First, is Kathryn Dodge. Several years ago, the City Council, acting as a Board of Adjustment, heard an appeal by residents of Slaterville. After long deliberation, the council and city staff determined the appeal was warranted; the borough Planning Commission made serious procedural errors.
Angered by the decision borough Mayor Karl Kassel, in good ol’ boy fashion, quickly introduced an ordinance to the Borough Assembly to change the long-honored tradition allowing the City Council to act as a Board of Adjustment regarding planning matters inside the city. After much testimony in opposition from city officials and citizen comments, the assembly ignored the input and unfortunately backed Mayor Kassel.
Assemblywoman Kathryn Dodge, herself a city resident, voted to strip the city of that right.
That action itself shows little regard for the people of Fairbanks who now have no say in conditional uses inside the city limits.
Kathryn Dodge was also removed from the Alaska Human Rights Commission earlier this year after its executive director was suspended and then resigned for a controversial social media post complaining about a “Black Guns Matter” sticker, calling it racist.
Second is Mindy O’Neall. Many people remember the “last minute controversy” that erupted in 2013 in the city mayoral race between John Eberhart and Vivian Stiver. Eberhart’s campaign expressed concern over Stiver’s “questionable conduct” for violating an arcane Alaska Public Offices Commission rule that resulted in a small fine immediately paid by Stiver. The News-Miner soon reported that Eberhart’s campaign manager helped originate the complaint.
That’s right, Mindy O’Neall orchestrated the whole thing. Do we want this kind of politics to be the norm here?

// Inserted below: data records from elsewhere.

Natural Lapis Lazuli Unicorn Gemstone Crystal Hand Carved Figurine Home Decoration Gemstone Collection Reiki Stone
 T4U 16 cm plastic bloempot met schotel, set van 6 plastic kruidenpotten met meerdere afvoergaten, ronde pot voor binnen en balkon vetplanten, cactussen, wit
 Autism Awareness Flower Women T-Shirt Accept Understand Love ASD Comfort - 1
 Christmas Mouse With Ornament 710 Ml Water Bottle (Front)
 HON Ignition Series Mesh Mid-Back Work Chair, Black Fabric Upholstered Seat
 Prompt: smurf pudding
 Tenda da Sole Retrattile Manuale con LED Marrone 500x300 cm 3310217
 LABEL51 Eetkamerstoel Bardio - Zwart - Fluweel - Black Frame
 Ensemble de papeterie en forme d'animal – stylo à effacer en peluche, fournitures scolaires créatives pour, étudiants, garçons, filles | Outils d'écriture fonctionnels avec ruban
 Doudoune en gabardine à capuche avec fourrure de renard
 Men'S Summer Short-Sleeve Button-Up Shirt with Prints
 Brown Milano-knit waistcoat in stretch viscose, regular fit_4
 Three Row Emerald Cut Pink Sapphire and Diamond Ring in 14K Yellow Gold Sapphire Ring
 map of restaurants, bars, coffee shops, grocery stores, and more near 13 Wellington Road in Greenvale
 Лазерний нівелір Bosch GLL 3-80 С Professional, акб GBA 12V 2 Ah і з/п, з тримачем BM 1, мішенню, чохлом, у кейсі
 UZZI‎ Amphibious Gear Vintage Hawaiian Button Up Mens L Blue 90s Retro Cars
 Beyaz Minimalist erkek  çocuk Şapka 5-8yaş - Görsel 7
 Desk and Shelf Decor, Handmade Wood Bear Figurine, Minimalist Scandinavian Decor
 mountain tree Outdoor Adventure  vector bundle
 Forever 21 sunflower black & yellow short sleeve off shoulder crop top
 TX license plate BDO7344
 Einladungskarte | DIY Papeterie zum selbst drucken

Later it was learned the Eberhart campaign had numerous APOC violations, including the highly publicized infraction resulting in a $37.50 fine. Using thousands of city dollars, he fought it for years before the City Council stopped the payments. A letter dated Feb. 6, 2014, from APOC assessed Eberhart a penalty of $44,500 for failure to file a 24-hour report and later reduced it to $445.